Le face-à-face entre casseurs et policiers dure en tout plus de trois heures. La préfecture de police de la capitale a dénombré plusieurs véhicules et poubelles incendiées, 44 interpellations -dont 19 personnes toujours en garde à vue dimanche matin- et 17 policiers blessés. Les manifestants ont quant à eux compté dans leurs rangs 20 blessés, et exigé la libération des militants arrêtées. A l’arrivée des casseurs, plusieurs groupes de manifestants se sont dispersés pacifiquement vers Châtelet, la Gare du Nord ou Montmartre.
Parce que la manifestation était interdite
Le rassemblement pro-palestinien avait été officiellement interdit ce vendredi par la préfécture de police de Paris, avec le soutien du ministre de l’Intérieur Bernard Cazeneuve et du Premier Ministre Manuel Valls. Raison invoquée : des “risques graves de trouble à l’ordre public”, après les violentes échauffourées qui ont éclaté dimanche dernier entre des manifestants et des membres de la Ligue de défense juive. L’incident s’était produit en marge d’un cortège de soutien à la population de la bande de Gaza, sous le feu de l’opération militaire israélienne “Bordure protectrice” qui a fait plus de 400 morts depuis 13 jours.
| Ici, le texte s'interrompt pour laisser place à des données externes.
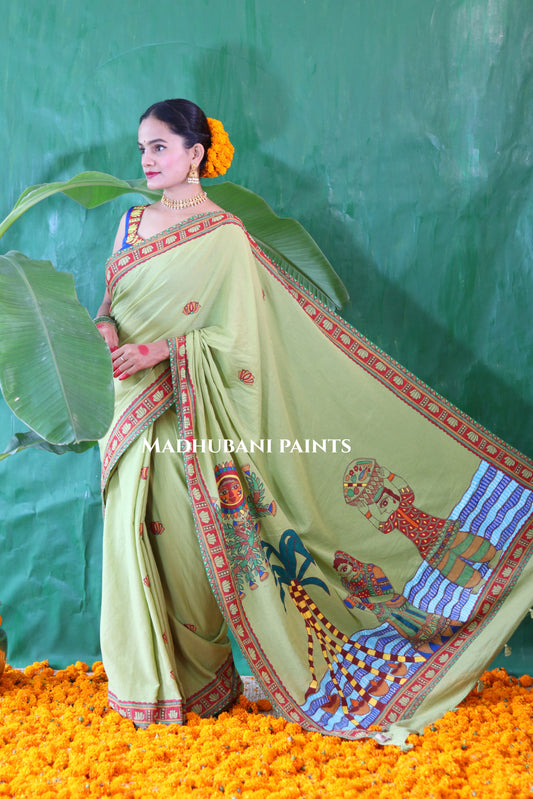 BHAKTI BHAVA Chhath Puja Hand painted Madhubani Mul Cotton Saree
“Ceux qui veulent à tout prix manifester aujourd’hui en assumeront le prix,” a mis en garde samedi le Président français François Hollande, en visite officielle au Tchad. Les organisateurs du rassemblement ont alors répliqué dans un communiqué : “Ceux qui veulent à tout prix user d’un droit démocratique fondamental ne céderont pas à vos menaces.” Même condamnation dans les cortèges autorisés qui ont eu lieu un peu partout en France et en Europe ce samedi. “Honte au gouvernement français qui a interdit une manifestation,” scandaient par exemple les manifestants à Londres.
A Paris, plusieurs collectifs de soutien à la cause palestinienne, la Ligue des droits de l’homme, les Indigènes de la République, l’Union des juifs pour la paix ou encore plusieurs partis politiques -Nouveau parti anticapitaliste (NPA), mouvement “Ensemble!” du Front de gauche- avaient appelé à braver l’interdiction. Entre 5 000 et 10 000 personnes sont descendues dans les rues de la capitale française, risquant jusqu’à 6 mois de prison ferme et 7 500€ d’amende.
Et malgré les heurts de samedi, les organisateurs ont appelé à de nouvelles mobilisations la semaine prochaine.